Thursday, 31 May 2012

Framework for buying stocks

here is a program i use to buy a stock and i strongly suggest that you follow it:

a. Select the way you choose a stock that meets your criteria
what is the reason you are buying a stock? Is it for capital appreciation? is it for dividend gains? Are you buying the stock because it is a consistent performer in the past with a low PE? or are you buying it because of future growth prospect? Select your investment criteria and you will be able to zoom in on the stocks that would capture your eye.

Once you determine your investment criteria, do NOT break it in any way, do not break it because your investment criteria is your circle of competence and you ought to be good within your circle of competence to make a buy/sell call. Anything that is outside your circle of competence i would strongly advise you not to buy at all,

b. Write down why are you buying it.
I normally write down in a piece of paper why i am buying the stock that i am buying, only on a piece of paper. anything more than one piece will be a waste of time, and i never use sentences that most analysts do to make them look smart. " Due to the economic uncertainty, the yield between the US treasury and the KLSE is expected to bla bla bla". NO. Just write down in really simple words ( of course if you ask your broker, he would tell you so many financial jargon that would make you feel stupid.) Im buying it because their PE is low, their profit is increasing and their main competitor just went out of business etc etc.
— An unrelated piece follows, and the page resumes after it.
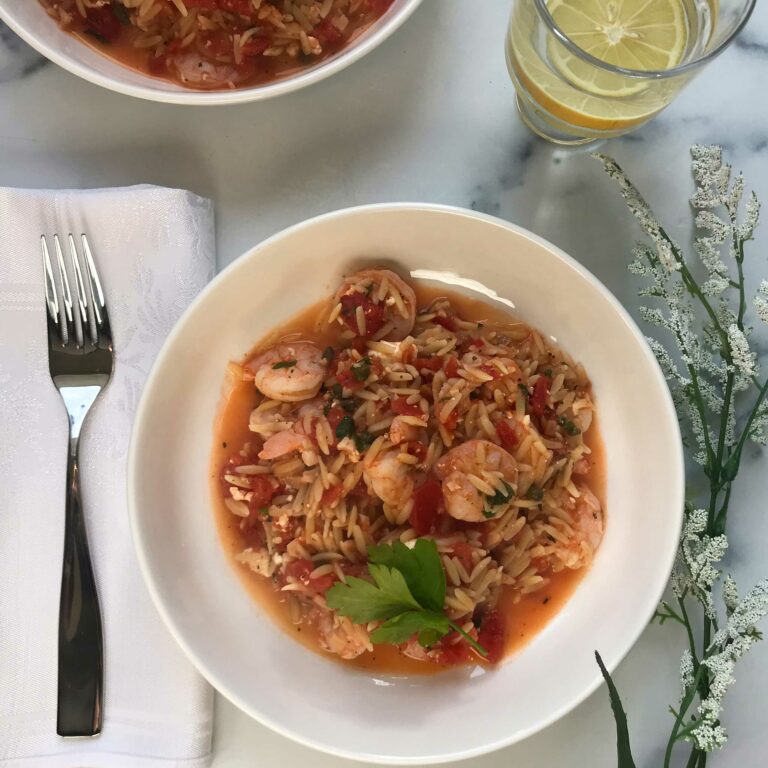 bowl of Greek style shrimp, feta and orzo.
c. Write down why you are selling it.
Many people would buy stocks not knowing when to sell. selling is an afterthought, the result of market movements and factor in which they cannot control. Don't be like a deer caught in the headlights of a car. Prepare yourself. Remember the market is inefficient, everyday it will go topsy turvy like a freaking roller coaster. Will you sell because it dropped 20% yesterday? Well, you freaking should not if you know the reason to sell. You should only sell of the company's fundamentals deteriorate as what you expect and nothing less will make you liquidate it.

Me? I normally sell when the profit is starting to decrease, the company is mired in an industry where profit margin is shrinking and management do not know what they are doing.that is my cardinal sin.


d. Write down how it would happen.
You can write down what will happen if your company performs as you expect. Would the stock price increase? if it does not, is there a reason?

write down any other things that may happen that could affect your stock price? Is there a financial storm coming? if there is what will you do? what i normally do is that i always keep at least 20% of my portfolio as cash, this is to ensure that i have a security net to profit from any panic selling. I cannot predict what will happen tomorrow or next week, but i can safely predict that if the company increases their profit by x% this quarter, the stock price will eventually follow. thus the 20% cash is to ensure that any panic that causes a price decrease i can profit from it.